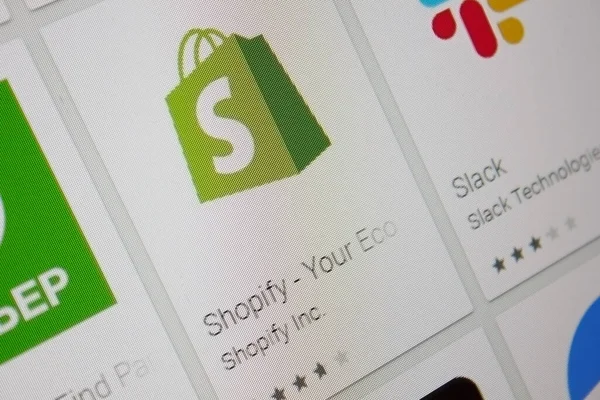 Ivanovsk, Rusland November 28, 2021: Shopify app på displayet af en tablet pc. - Stock-foto # 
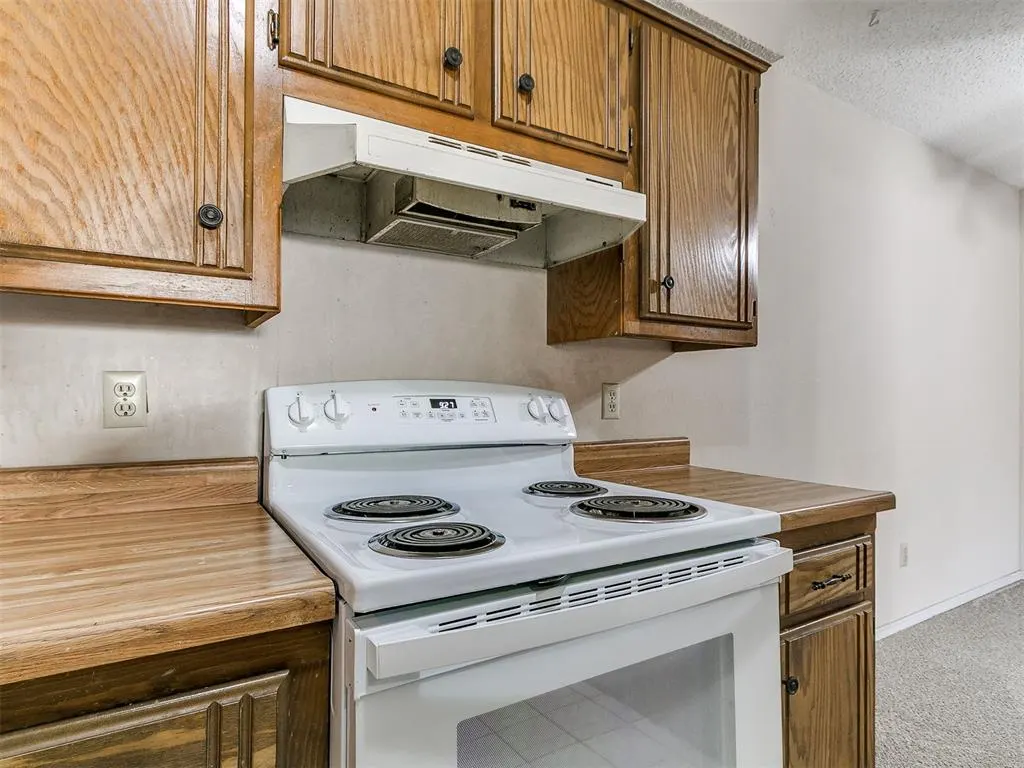 Photo 12 — 1028 Parkview Street, Oklahoma City, OK 73110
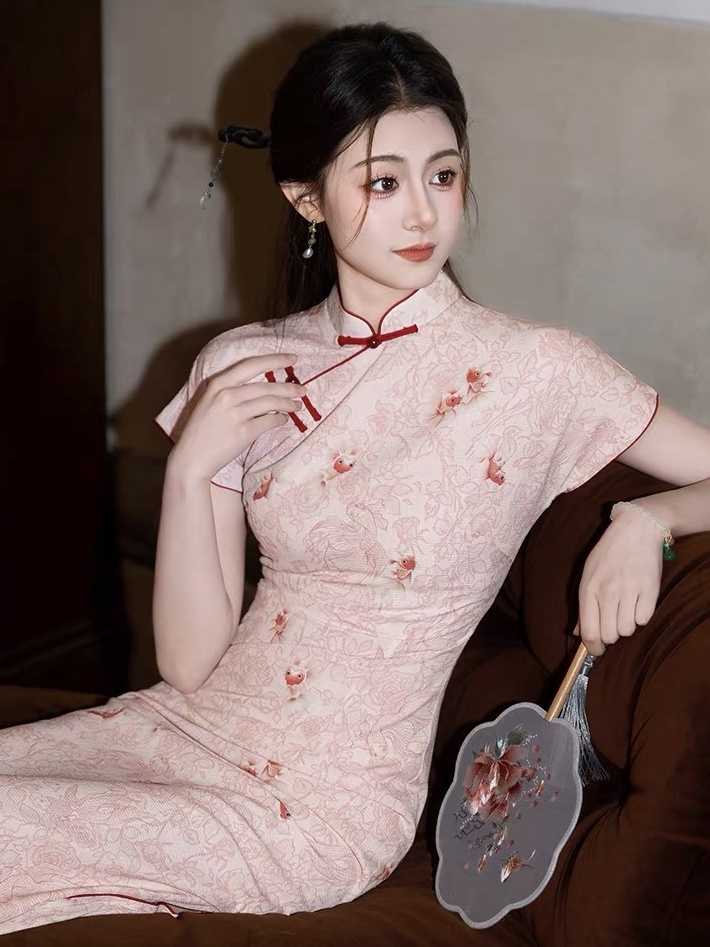 Ci Peng Floral Cheongsam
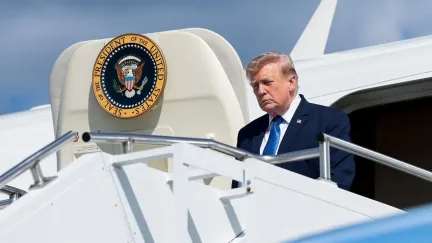 USA a Izrael odloží chystané tvrdé údery na Írán, uvedl Trump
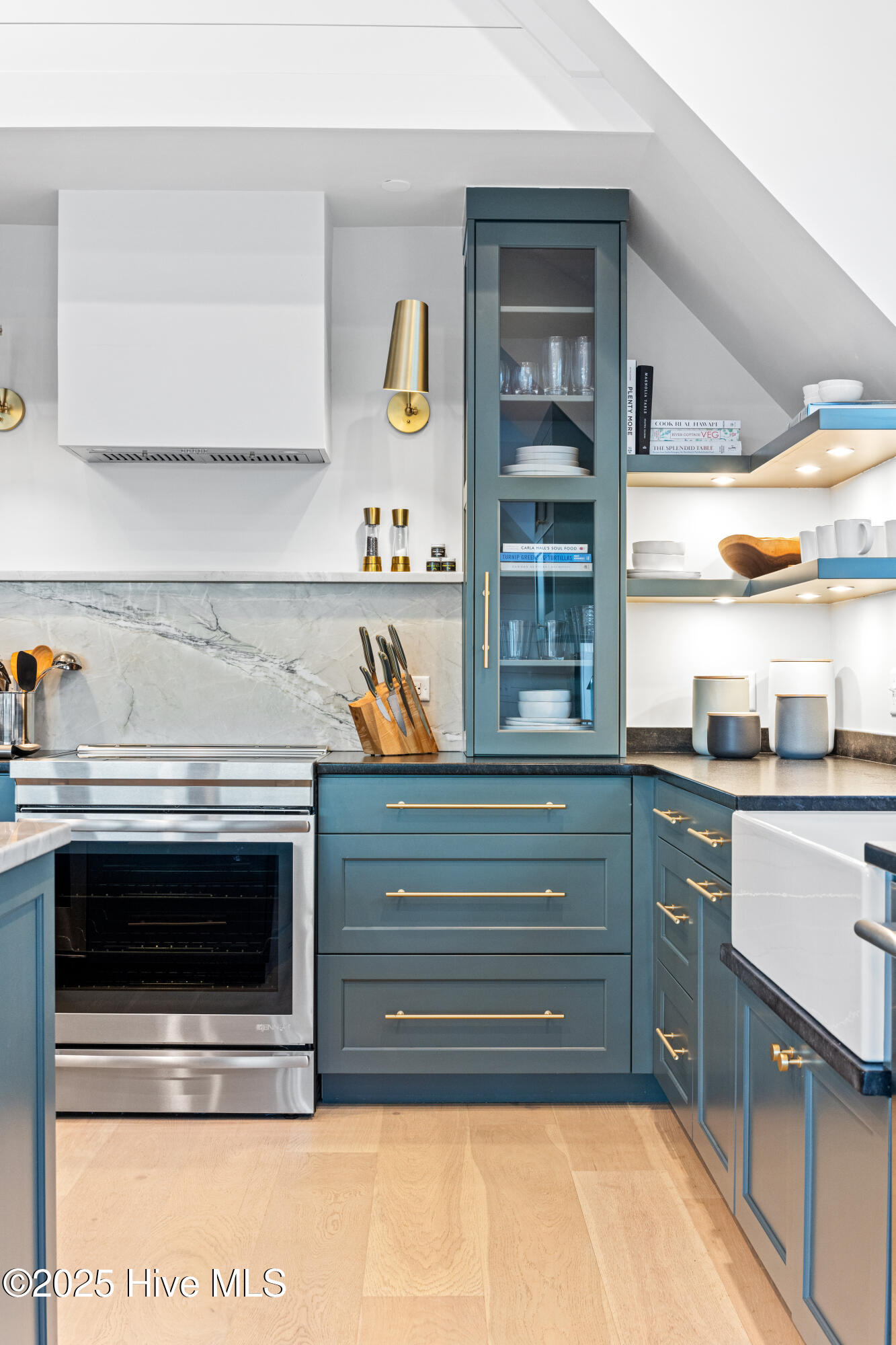 100521321 | Photo 13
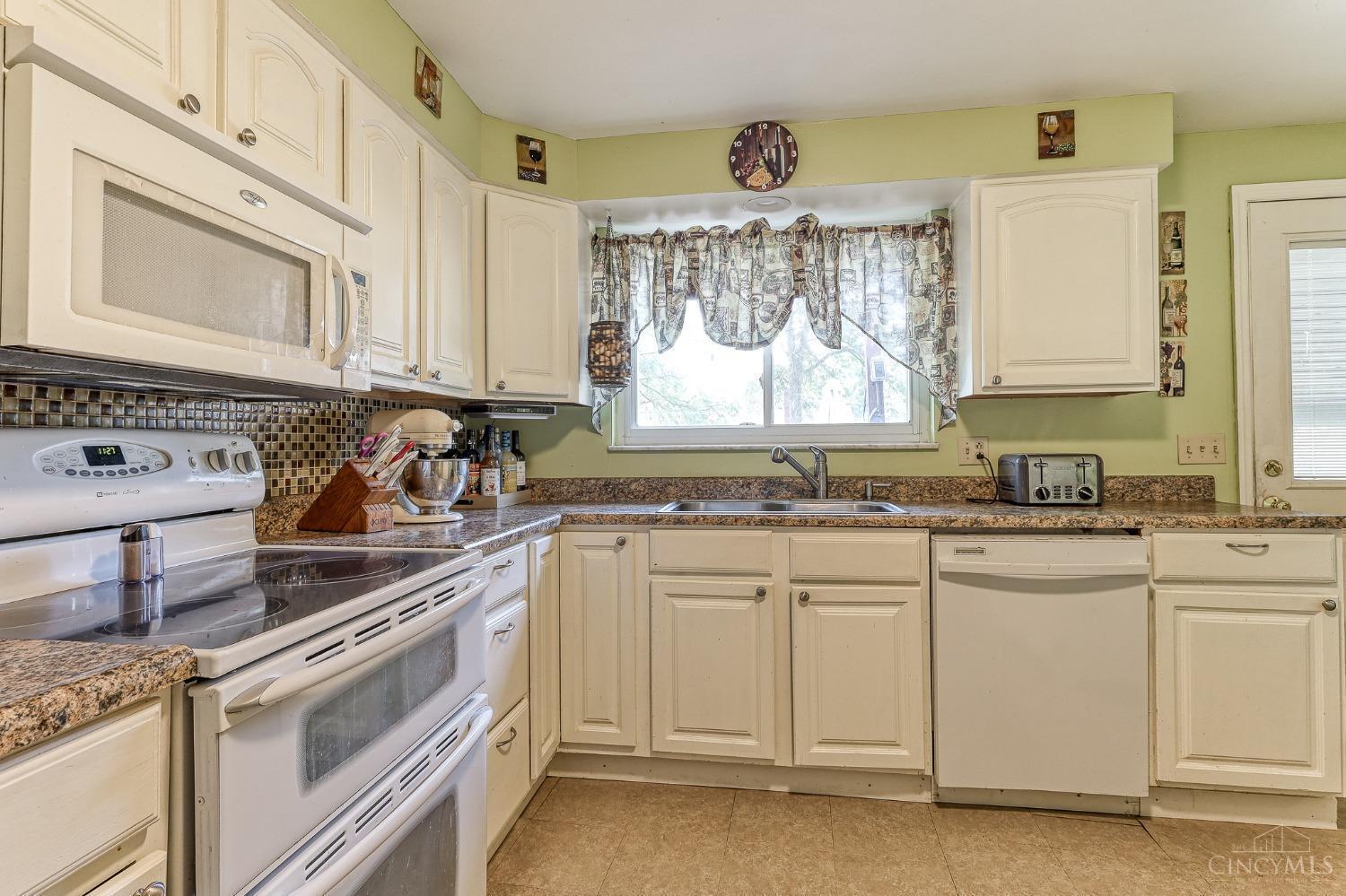 3437 Rocker Drive Cincinnati, OH 45239 - Photo 11 of 31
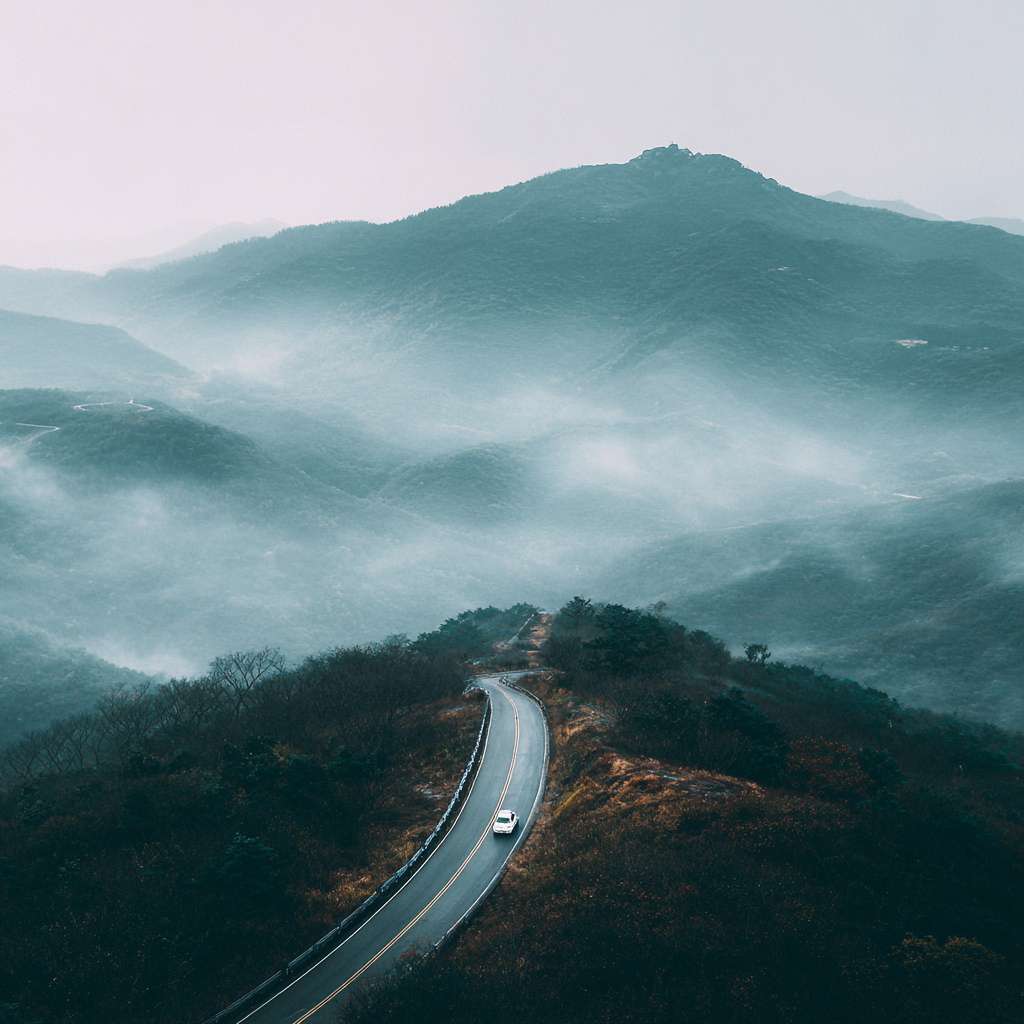 远景	航拍		车在乡间小路行驶 --ar 1:1 --v 7 --stylize 100 --fast --no 水印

| Assignment |
Retype the whole listing, keeping every line identical and omitting all pictures.

| The completed task |
 Ivanovsk, Rusland November 28, 2021: Shopify app på displayet af en tablet pc. - Stock-foto # 
 Photo 12 — 1028 Parkview Street, Oklahoma City, OK 73110
 Ci Peng Floral Cheongsam
 USA a Izrael odloží chystané tvrdé údery na Írán, uvedl Trump
 100521321 | Photo 13
 3437 Rocker Drive Cincinnati, OH 45239 - Photo 11 of 31
 远景	航拍		车在乡间小路行驶 --ar 1:1 --v 7 --stylize 100 --fast --no 水印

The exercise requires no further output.